**** Collected material
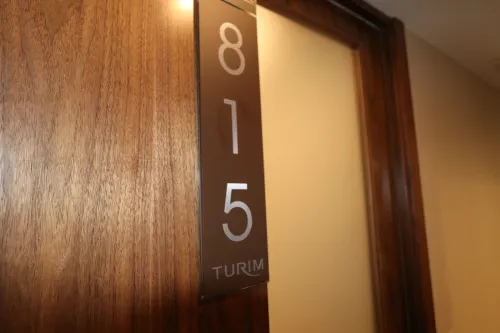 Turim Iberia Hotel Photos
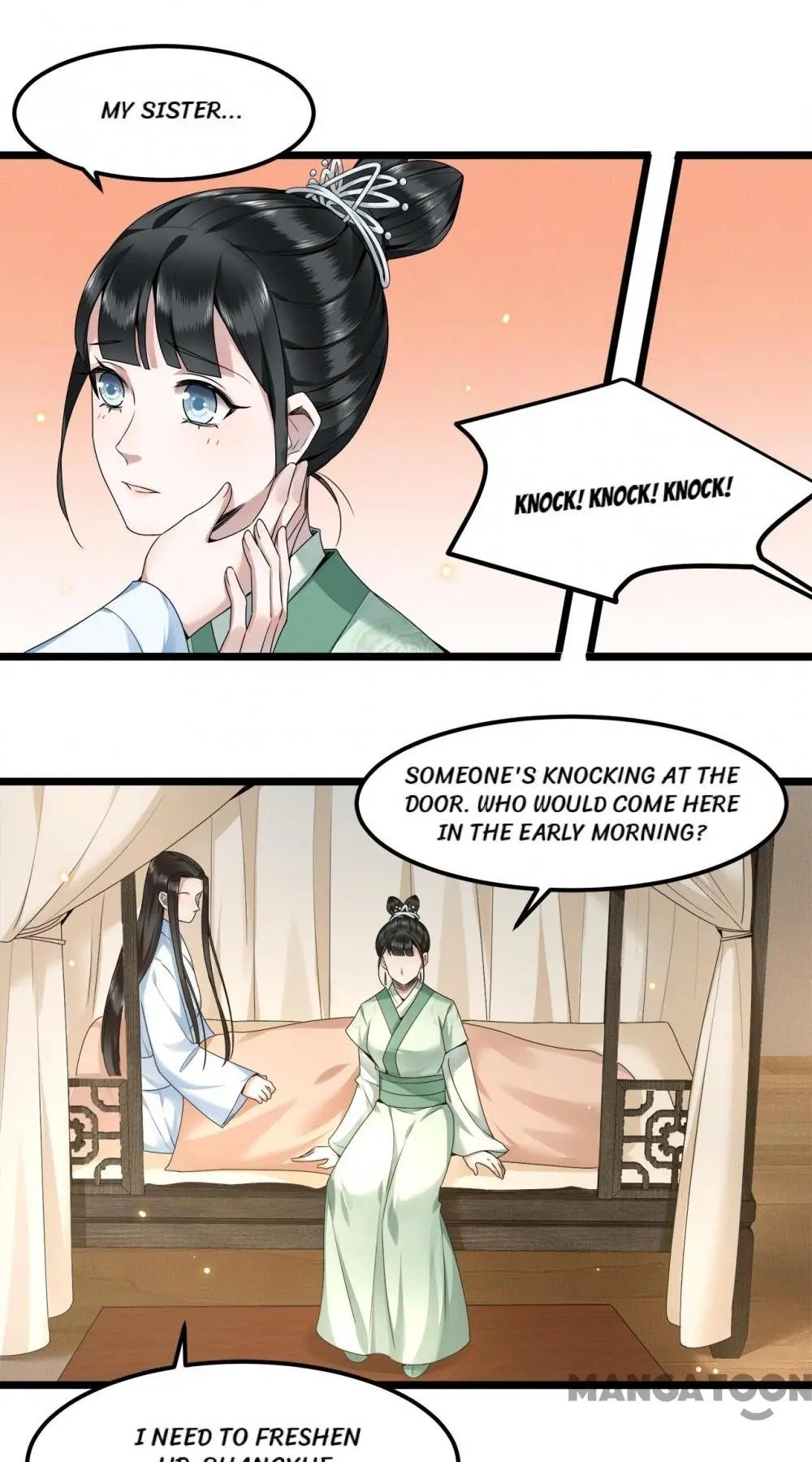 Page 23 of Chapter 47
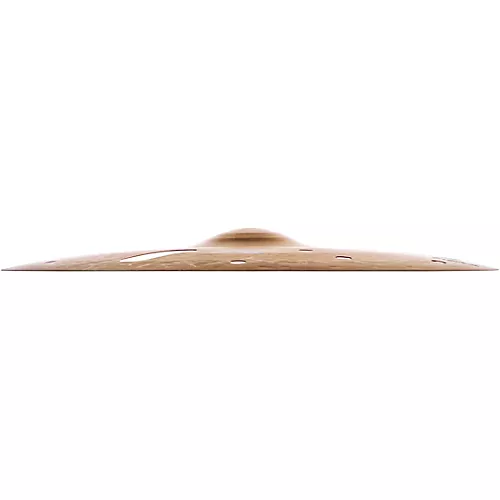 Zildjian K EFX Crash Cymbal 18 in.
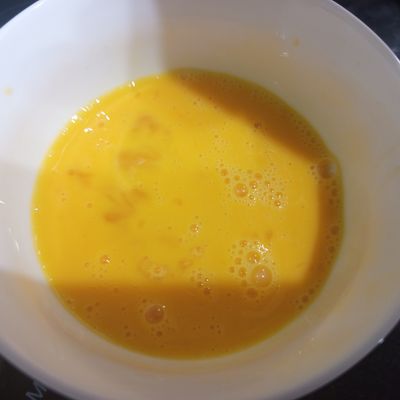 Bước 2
********
Directions for this task
Return an exact copy of the data above, apart from any pictures.

Solution
 Turim Iberia Hotel Photos
 Page 23 of Chapter 47
 Zildjian K EFX Crash Cymbal 18 in.
 Bước 2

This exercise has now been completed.